At present, as per section 254(2) of the Income Tax Act, 1961 (hereinafter referred to as the ‘Act’), the Appellate Tribunal may, at any time within six months from the end of the month in which the order was passed (substituted for “four years from the date of the order” by the Finance Act, 2016, w.e.f. 1-6-2016), with a view to rectifying any mistake apparent from the record, amend any order passed by it under sub-section (1), and shall make such amendment if the mistake is brought to its notice by the assessee or the Assessing Officer. It has been provided that an amendment which has the effect of enhancing an assessment or reducing a refund or otherwise increasing the liability of the assessee, shall not be made under this sub-section unless the Appellate Tribunal has given notice to the assessee of its intention to do so and has allowed the assessee a reasonable opportunity of being heard.

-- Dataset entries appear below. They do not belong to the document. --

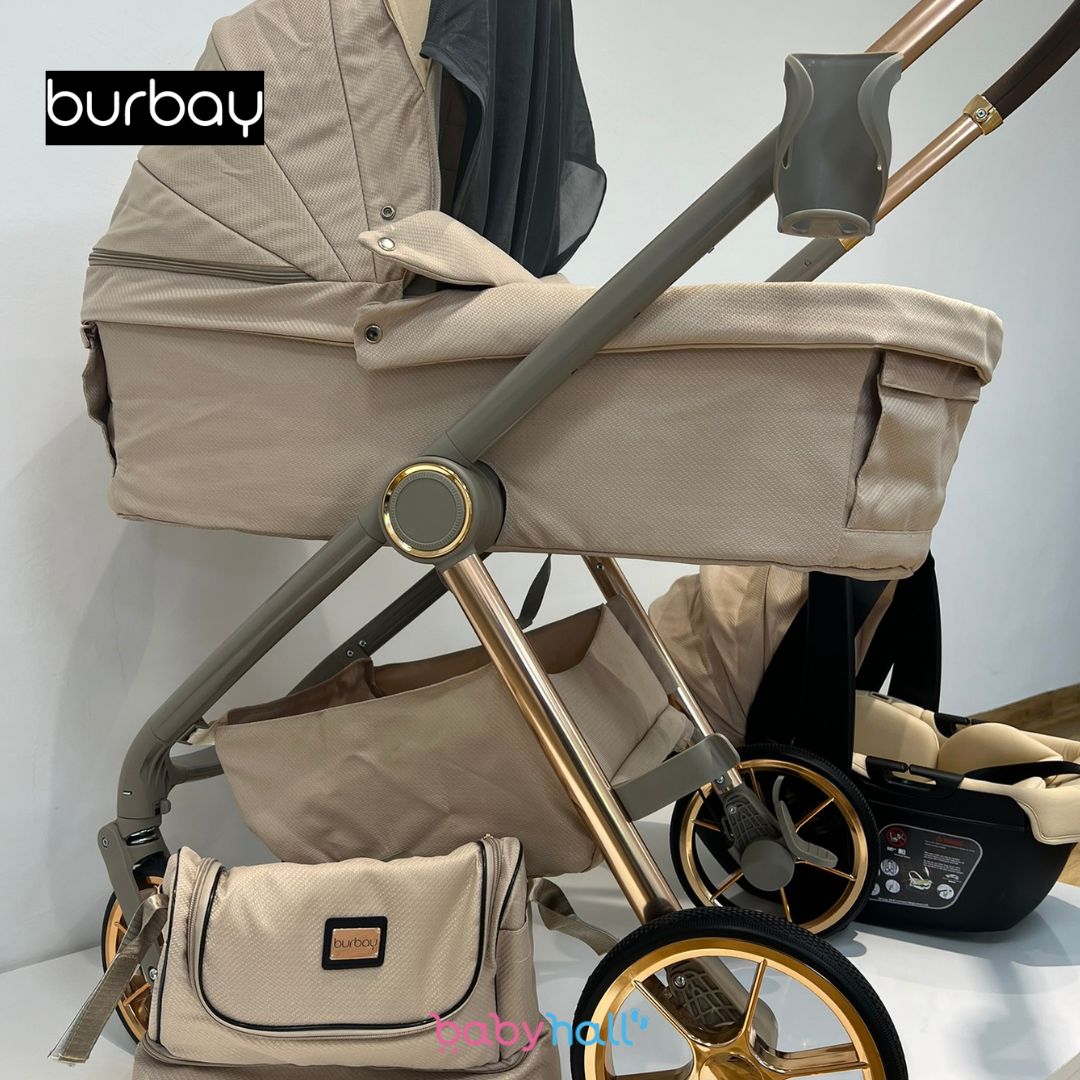 Pack Poussette 4-en-1 Burbay Premium Comfort Golden – En Promotion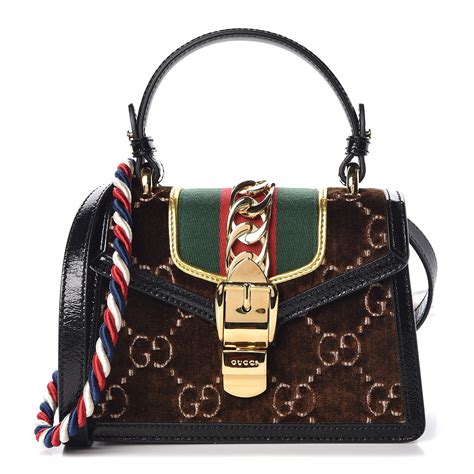 gucci sylvie gg velvet mini bag|Gucci sylvie bag price.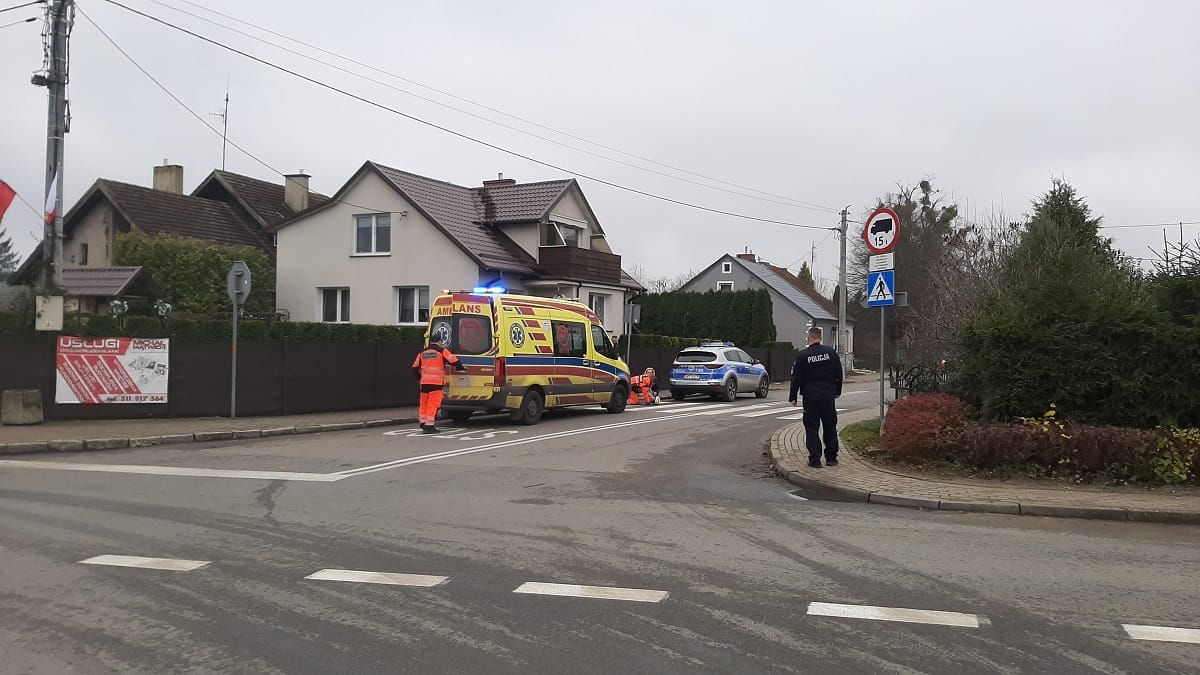 Wypadek na motorowerze elektrycznym w Miłomłynie 15 Wypadek na motorowerze elektrycznym w Miłomłynie.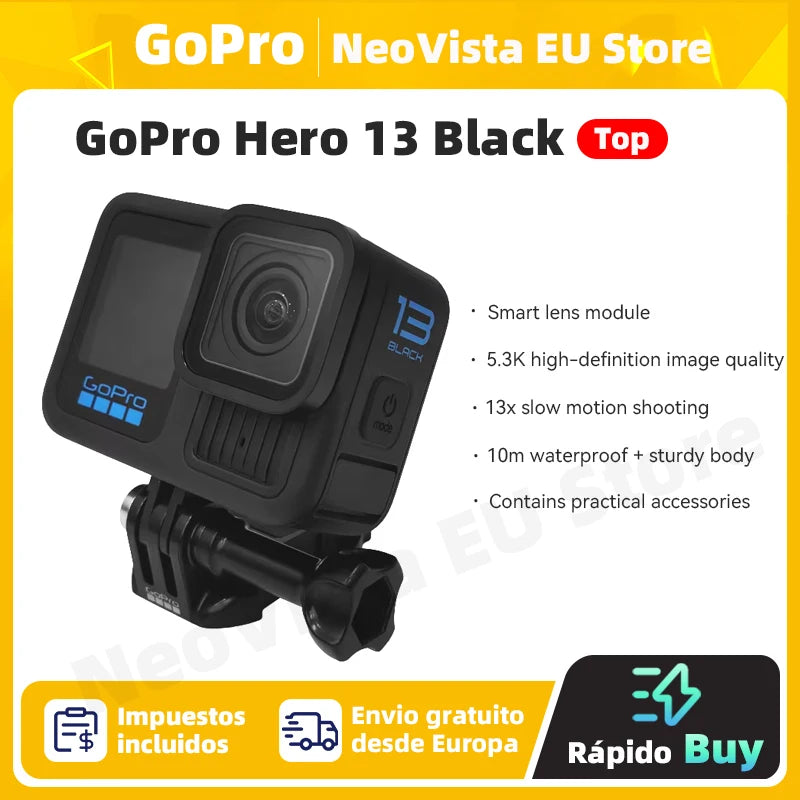 Caméra Sport Étanche et Stabilisée - GoPro HERO 13 Black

Recently, in Lucent Technologies GRL LLC, (Since merged with Alcatel Lucent USA Inc) vs. ADIT (International Taxation) [MA No.411/Mum/2016 to 414/Mum/2016 (Arising out of ITA No.7001/Mum/2010) (A.Y.2003-04), decided on 09/10/2017], briefly, miscellaneous applications were filed by the assessee seeking rectification of mistake apparent on the record in the order dated 06/09/2013 passed by the Tribunal while disposing of bunch of appeals filed by the Department.

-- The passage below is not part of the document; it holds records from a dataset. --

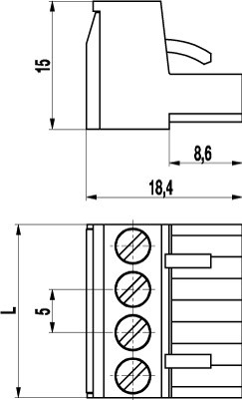 10808008 Weco PCB Connection Systems Image 2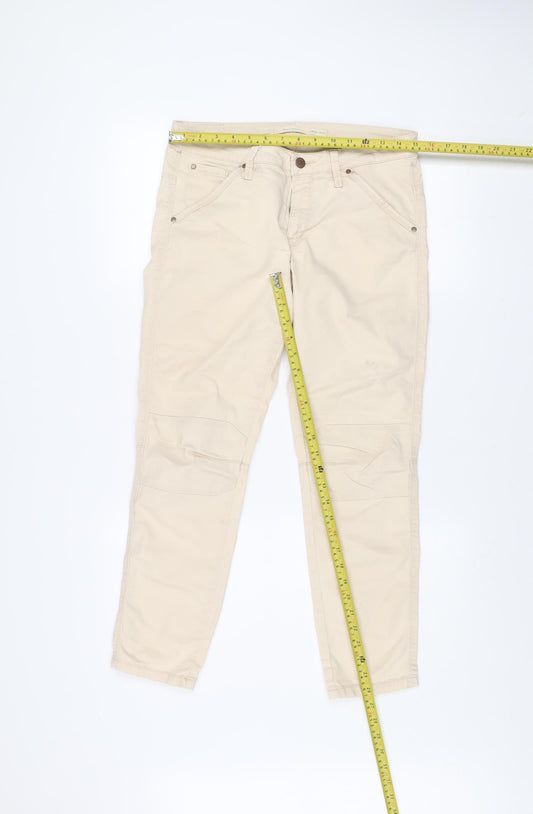 Womens UK Size 12 Part Two Regular Fit Cargo Beige Trousers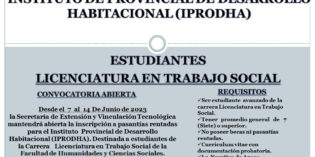 Llamado a Pasantías Rentadas para estudiantes de Trabajo Social Llamado a Pasantías Rentadas para estudiantes de Trabajo Social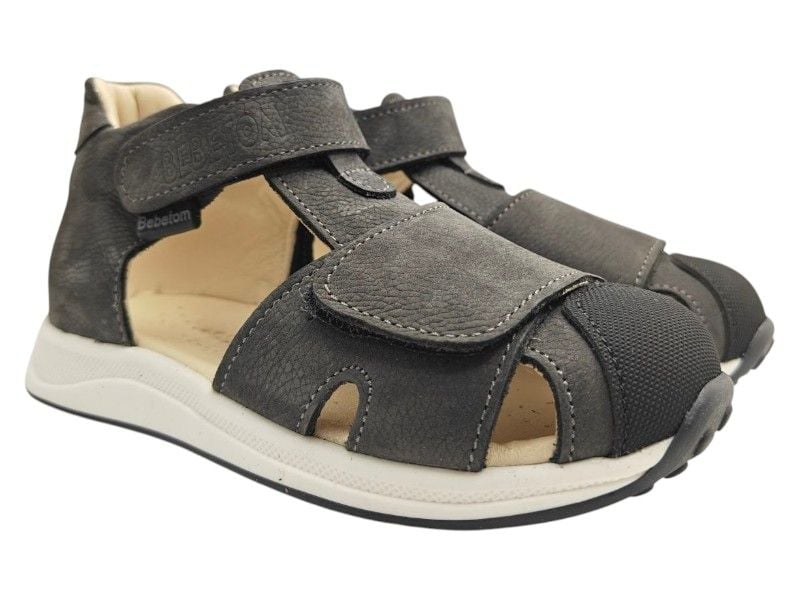Босоніжки із закритим носком Bebetom 70.34.198 27 17,4см  Темно-сірі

It was argued by learned AR that similar miscellaneous application filed by Reliance Communication Ltd., had been allowed by the Tribunal vide its order dated 18/11/2016. It was also brought to notice that assessee was also party in the order passed by the Tribunal dated 06/09/2013 alongwith Reliance Communication Ltd.
Learned DR fairly agreed that issue was covered by the order of the Tribunal dated 18/11/2016, however, he contended that ITAT had no power under the Act to consider miscellaneous application in so far as section 254(2) of the Act was amended w.e.f. 01/06/2016 whereby power of ITAT to consider mistake apparent from record was restricted to six months from the end of month in which the order was passed. As per learned DR the order in respect of which miscellaneous applications were preferred were passed on 06/09/2013 whereas these miscellaneous applications had been preferred in December 2016 i.e., after amendment, hence ITAT had no power under the Act to consider the miscellaneous applications.

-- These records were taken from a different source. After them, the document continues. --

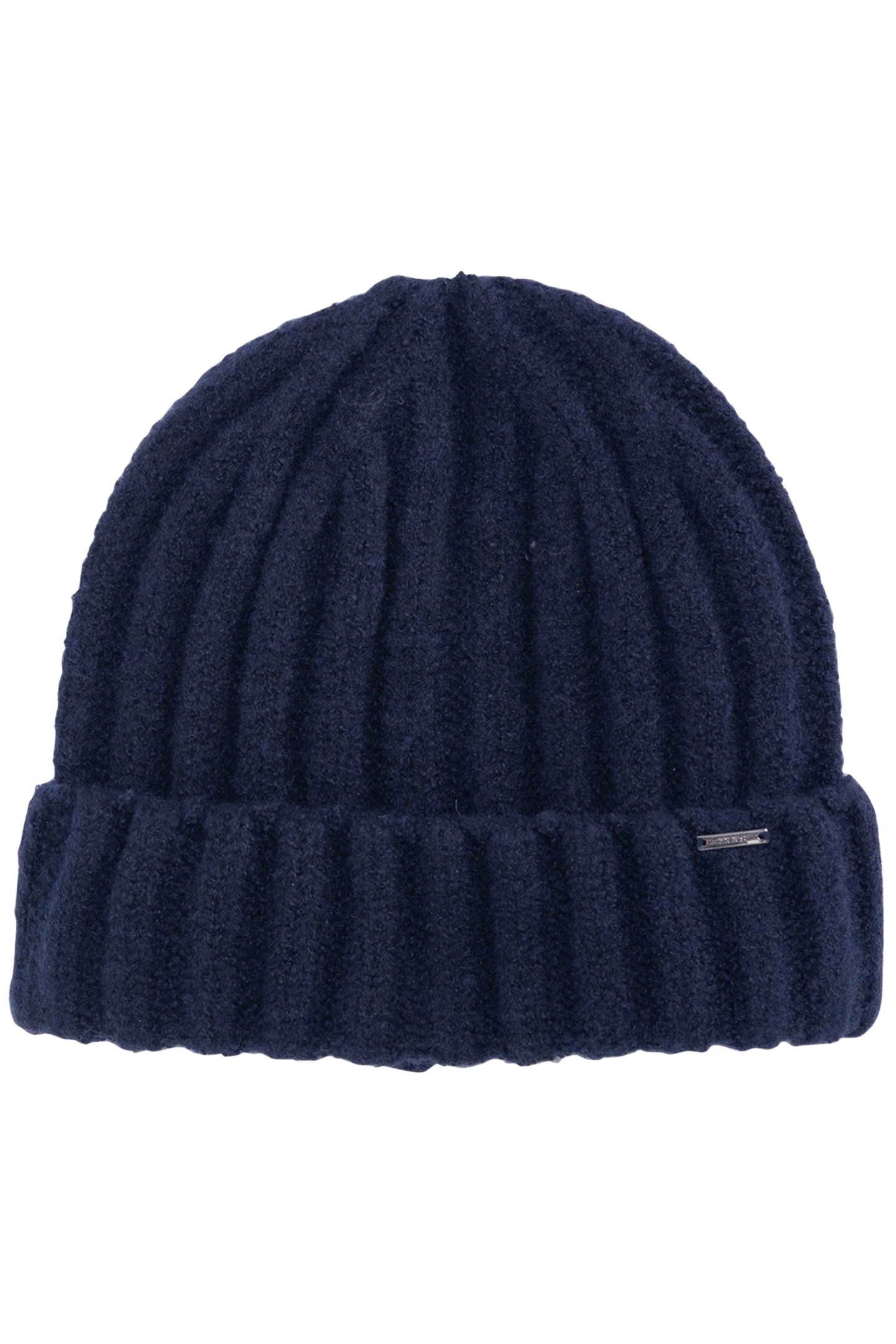 NAVY RIB KNIT HAT 1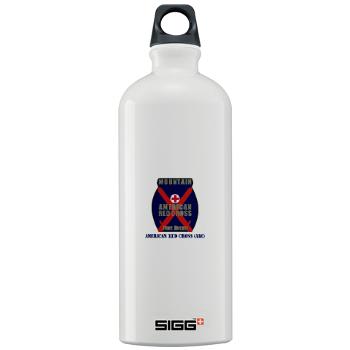 ARC - M01 - 03 - American Red Cross (ARC) with Text - Sigg Water Bottle 1.0L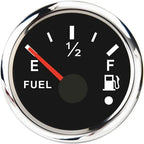 Car Marine Boat Boost Alarm Gauge 2‘’ 52mm Oil pressure Meter Water Level Fuel Temperature 12V 24V Voltmeter Accessories Meter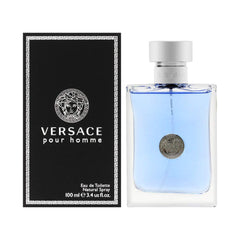 Versace Pour Homme frasco de 3.4 oz para uso diario, aroma fresco y sofisticado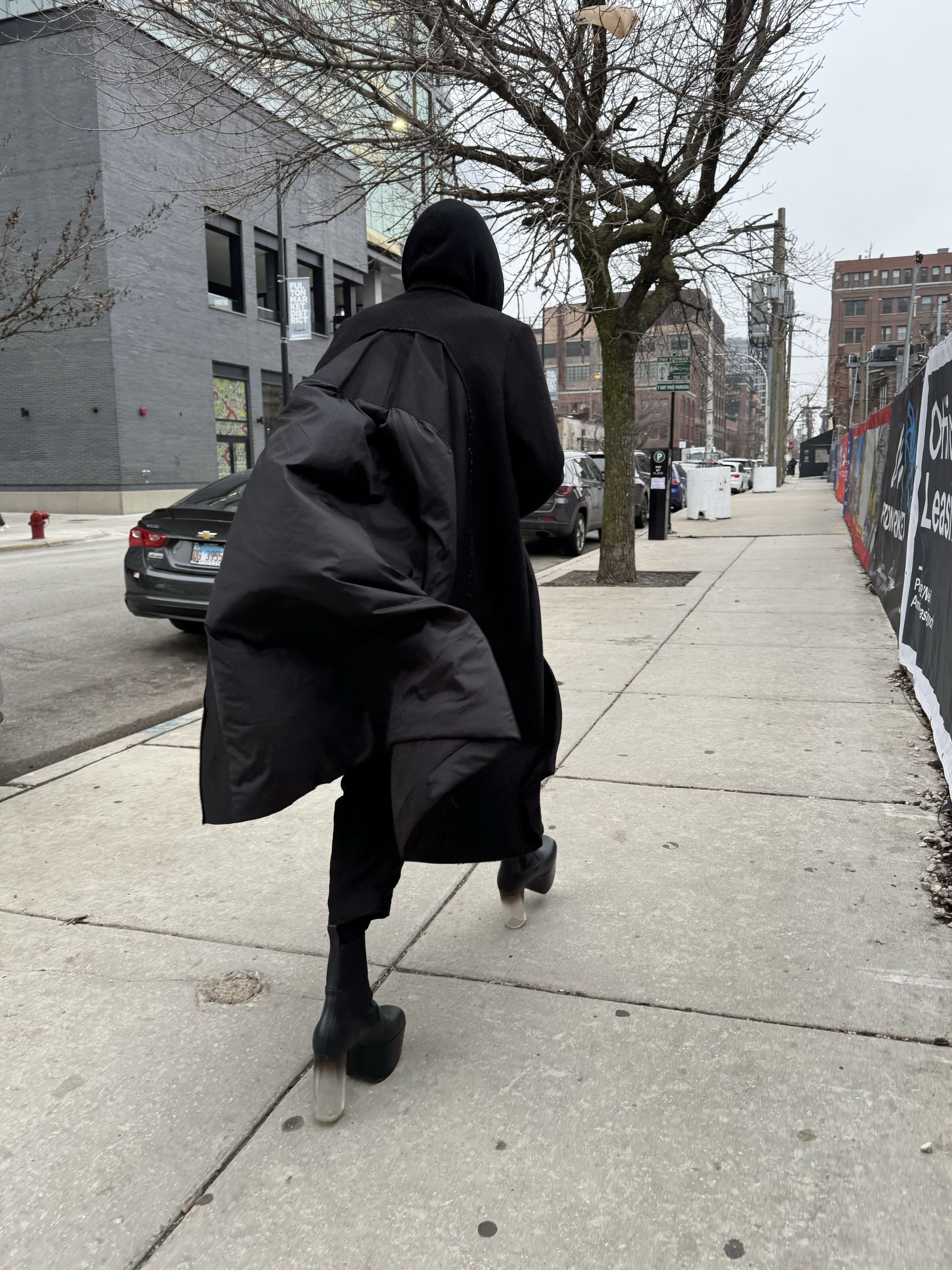Rick Owens FW 2018 runway sisyphus flag coat Size US M / EU 48-50 / 2 - 7 Thumbnail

Learned DR further contended that since these miscellaneous applications were not pending as on 01/06/2016, it cannot be said that assessee had any vested right.
It was further contended by learned AR that that the amendment by the Finance Act, 2016 with effect from 01 June 2016 reducing the time limit prescribed under section 254(2) of the Act to 6 months from the end of the month in which the Order sought to be rectified is passed is not applicable in the present case.
The learned Members of the Mumbai, ITAT held that right to appeal which includes right to file rectification application arises at the time of passing the original order and such right can only be taken away when there is a retrospective amendment. The amendment so brought in under section 254(2) of the Act is prospective and applicable to the orders passed after 01/06/2016, and not the orders passed prior to 01/06/2016. Undisputedly in the instant case the order of Tribunal sought to be rectified was dated 06/09/2013 which is much prior to the date of amendment. Accordingly, amended provisions of section 254(2) of the Act limiting the period of filing rectification application within a period of six months is not applicable to the instant case.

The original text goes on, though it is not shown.